If I convert this list to a np.array() then it’s very slow, and the only reason I need an np.array() is so I can reshape my list to have simple access to histograms divided by event (and eventually by channel instead).

Is there a better solution than the workaround of:

analogues_x_Ev=[]
for Ev in range(100):
    analogues_x_Ev.append([root_file.Get(f"Target/TargetEvent{Ev}Ch{ch}") for ch in x_channels])

?

Dear @bethlong06 ,

Thanks for reaching out to the forum! Let me ask you a few questions so I can better understand your use case.

So it seems that, although when I print(analogues_x) I get [<cppyy.gbl.TH1D object at 0x7fdf007a8010>, <cppyy.gbl.TH1D object at 0x7fdf0200ba50>,...] the contents of the histogram is actually being read into my lists, instead of creating a list of objects.

Seeing [<cppyy.gbl.TH1D object at 0x7fdf007a8010>, <cppyy.gbl.TH1D object at 0x7fdf0200ba50>,...] already tells you that the list contains objects, one histogram per element. This should be as expected, unless I am missing something.

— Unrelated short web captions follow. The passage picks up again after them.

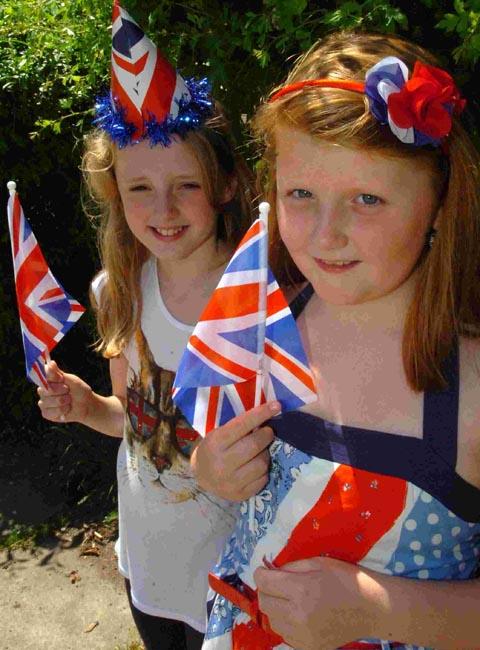 Two patriotic pupils at Wilton and Barford Primary School flying the flag for the Jubilee. DC1559P2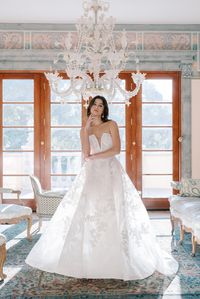 La Femme by Anne Barge Bridal - Lace ballgown wedding dress of oversized floral Chantilly lace with sequined appliqués and deep V neckline. For the modern romantic bride.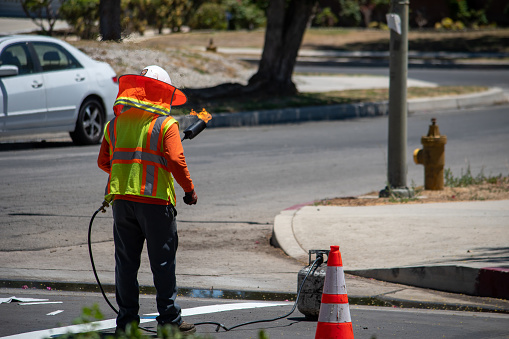 Northridge, California, United States -  June 28, 2022: A contractor from Paveco Construction working for the City of Los Angeles uses a torch to dry a newly painted \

Another story is printing len as in len(analogues_x[0]). That will give you by default the length of the histogram (including underflow/overflow bins). Also, the histogram can be iterated to retrieve the counts of each bin, see

>>> import ROOT
>>> h = ROOT.TH1D("h","h",10,-3,3)
>>> h.FillRandom("gaus")
>>> len(h)
12
>>> for bc in h:
...     print(bc)
... 
0.0
39.0
136.0
394.0
796.0
1131.0
1106.0
817.0
397.0
144.0
40.0
0.0

So everything that you show seems like normal behaviour to me.

Now, coming to my understanding of your actual goal:

so I can reshape my list to have simple access to histograms divided by event (and eventually by channel instead).

Wouldn’t this be enough?

analogues_x = [
    [root_file.Get(f"Target/TargetEvent{Ev}Ch{ch}") for ch in x_channels]
    for Ev in range(100)
]

Let me know if I am missing something here, thanks!

Cheers,
Vincenzo

Yes that works fine, I don’t know why I wasn’t able to work it out by myself so thank you very much for your patience!